[Excerpts from a dataset]
* * * *

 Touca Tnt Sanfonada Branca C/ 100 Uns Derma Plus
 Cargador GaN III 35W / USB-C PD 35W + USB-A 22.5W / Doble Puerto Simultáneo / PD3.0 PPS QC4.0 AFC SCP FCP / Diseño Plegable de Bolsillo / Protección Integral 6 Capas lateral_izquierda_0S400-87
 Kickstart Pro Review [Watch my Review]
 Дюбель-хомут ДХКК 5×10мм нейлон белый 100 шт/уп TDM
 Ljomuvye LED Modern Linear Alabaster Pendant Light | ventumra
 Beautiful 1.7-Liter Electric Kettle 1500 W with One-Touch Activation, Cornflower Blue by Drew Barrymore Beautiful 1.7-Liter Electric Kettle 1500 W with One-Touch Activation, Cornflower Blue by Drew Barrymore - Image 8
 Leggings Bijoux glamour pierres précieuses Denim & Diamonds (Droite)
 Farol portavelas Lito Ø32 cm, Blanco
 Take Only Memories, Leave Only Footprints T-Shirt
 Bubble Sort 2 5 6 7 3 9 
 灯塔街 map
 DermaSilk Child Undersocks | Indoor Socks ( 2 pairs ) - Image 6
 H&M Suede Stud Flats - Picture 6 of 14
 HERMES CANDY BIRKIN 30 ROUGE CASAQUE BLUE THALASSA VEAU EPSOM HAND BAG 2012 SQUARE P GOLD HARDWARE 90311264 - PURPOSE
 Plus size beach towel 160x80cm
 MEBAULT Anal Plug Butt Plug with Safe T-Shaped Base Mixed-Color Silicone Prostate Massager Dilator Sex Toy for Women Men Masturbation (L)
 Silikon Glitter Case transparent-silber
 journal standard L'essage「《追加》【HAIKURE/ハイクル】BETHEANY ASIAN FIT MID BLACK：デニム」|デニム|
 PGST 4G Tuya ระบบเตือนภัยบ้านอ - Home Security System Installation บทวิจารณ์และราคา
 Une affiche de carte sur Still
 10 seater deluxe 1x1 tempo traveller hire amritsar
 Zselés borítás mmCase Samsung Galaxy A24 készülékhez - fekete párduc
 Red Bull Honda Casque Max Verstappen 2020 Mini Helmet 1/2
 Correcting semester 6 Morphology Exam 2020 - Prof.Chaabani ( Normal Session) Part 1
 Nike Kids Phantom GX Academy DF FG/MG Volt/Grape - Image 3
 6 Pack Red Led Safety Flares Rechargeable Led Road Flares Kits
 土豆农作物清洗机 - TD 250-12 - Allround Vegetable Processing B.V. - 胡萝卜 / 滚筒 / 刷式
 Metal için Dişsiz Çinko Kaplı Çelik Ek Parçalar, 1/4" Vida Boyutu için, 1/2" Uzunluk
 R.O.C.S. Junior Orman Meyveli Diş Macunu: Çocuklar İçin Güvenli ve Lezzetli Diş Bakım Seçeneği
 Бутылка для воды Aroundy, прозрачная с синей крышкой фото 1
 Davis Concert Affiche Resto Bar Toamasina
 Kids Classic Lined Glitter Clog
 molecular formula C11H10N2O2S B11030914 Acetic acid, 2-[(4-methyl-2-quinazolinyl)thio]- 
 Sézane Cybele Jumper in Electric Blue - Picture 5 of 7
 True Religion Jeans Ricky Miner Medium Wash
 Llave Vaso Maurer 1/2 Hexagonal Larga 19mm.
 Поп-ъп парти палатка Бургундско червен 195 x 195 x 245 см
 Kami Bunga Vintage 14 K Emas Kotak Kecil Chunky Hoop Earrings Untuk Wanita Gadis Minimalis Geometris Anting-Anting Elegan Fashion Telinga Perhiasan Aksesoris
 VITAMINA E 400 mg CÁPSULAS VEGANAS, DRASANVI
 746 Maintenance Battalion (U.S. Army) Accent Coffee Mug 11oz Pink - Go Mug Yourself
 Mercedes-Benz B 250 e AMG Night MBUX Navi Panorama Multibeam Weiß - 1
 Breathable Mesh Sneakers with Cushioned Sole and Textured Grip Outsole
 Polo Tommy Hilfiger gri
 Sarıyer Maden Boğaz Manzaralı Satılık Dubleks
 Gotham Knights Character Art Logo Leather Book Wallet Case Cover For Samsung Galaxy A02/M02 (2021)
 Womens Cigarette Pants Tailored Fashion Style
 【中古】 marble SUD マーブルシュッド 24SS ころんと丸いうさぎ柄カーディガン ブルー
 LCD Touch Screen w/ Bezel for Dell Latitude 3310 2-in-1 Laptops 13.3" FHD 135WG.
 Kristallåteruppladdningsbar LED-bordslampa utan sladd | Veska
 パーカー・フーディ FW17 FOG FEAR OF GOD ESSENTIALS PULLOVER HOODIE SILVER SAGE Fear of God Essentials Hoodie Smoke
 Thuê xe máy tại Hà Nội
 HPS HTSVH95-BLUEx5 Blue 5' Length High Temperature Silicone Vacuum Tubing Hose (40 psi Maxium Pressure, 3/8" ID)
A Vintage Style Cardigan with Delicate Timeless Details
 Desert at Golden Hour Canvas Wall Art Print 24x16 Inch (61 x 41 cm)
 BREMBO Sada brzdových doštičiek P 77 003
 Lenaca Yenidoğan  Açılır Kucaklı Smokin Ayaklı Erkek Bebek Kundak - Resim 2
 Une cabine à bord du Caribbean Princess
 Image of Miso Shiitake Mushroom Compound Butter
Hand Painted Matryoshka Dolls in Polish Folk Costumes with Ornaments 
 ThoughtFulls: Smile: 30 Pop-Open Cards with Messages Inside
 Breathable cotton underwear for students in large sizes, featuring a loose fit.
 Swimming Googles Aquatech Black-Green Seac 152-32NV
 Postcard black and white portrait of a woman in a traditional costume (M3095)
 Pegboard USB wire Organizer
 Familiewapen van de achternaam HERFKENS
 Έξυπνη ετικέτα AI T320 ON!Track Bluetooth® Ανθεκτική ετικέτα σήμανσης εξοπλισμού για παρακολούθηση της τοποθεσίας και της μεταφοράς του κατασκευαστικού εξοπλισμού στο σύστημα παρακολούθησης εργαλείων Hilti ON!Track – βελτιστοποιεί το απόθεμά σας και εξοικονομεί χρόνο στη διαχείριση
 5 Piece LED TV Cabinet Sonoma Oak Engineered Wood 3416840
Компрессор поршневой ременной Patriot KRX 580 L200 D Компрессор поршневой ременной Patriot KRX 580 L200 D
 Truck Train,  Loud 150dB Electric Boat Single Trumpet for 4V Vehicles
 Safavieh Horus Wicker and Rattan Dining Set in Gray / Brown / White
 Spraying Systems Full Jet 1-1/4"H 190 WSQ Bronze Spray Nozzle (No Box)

* * * *

▸ **WORK ITEM**
Write down exactly the span of lines above from the one containing "土豆农作物清洗机 - TD" to the one containing "Kami Bunga Vintage", both ends included.

▸ **REPLY TO THE EXERCISE**
 土豆农作物清洗机 - TD 250-12 - Allround Vegetable Processing B.V. - 胡萝卜 / 滚筒 / 刷式
 Metal için Dişsiz Çinko Kaplı Çelik Ek Parçalar, 1/4" Vida Boyutu için, 1/2" Uzunluk
 R.O.C.S. Junior Orman Meyveli Diş Macunu: Çocuklar İçin Güvenli ve Lezzetli Diş Bakım Seçeneği
 Бутылка для воды Aroundy, прозрачная с синей крышкой фото 1
 Davis Concert Affiche Resto Bar Toamasina
 Kids Classic Lined Glitter Clog
 molecular formula C11H10N2O2S B11030914 Acetic acid, 2-[(4-methyl-2-quinazolinyl)thio]- 
 Sézane Cybele Jumper in Electric Blue - Picture 5 of 7
 True Religion Jeans Ricky Miner Medium Wash
 Llave Vaso Maurer 1/2 Hexagonal Larga 19mm.
 Поп-ъп парти палатка Бургундско червен 195 x 195 x 245 см
 Kami Bunga Vintage 14 K Emas Kotak Kecil Chunky Hoop Earrings Untuk Wanita Gadis Minimalis Geometris Anting-Anting Elegan Fashion Telinga Perhiasan Aksesoris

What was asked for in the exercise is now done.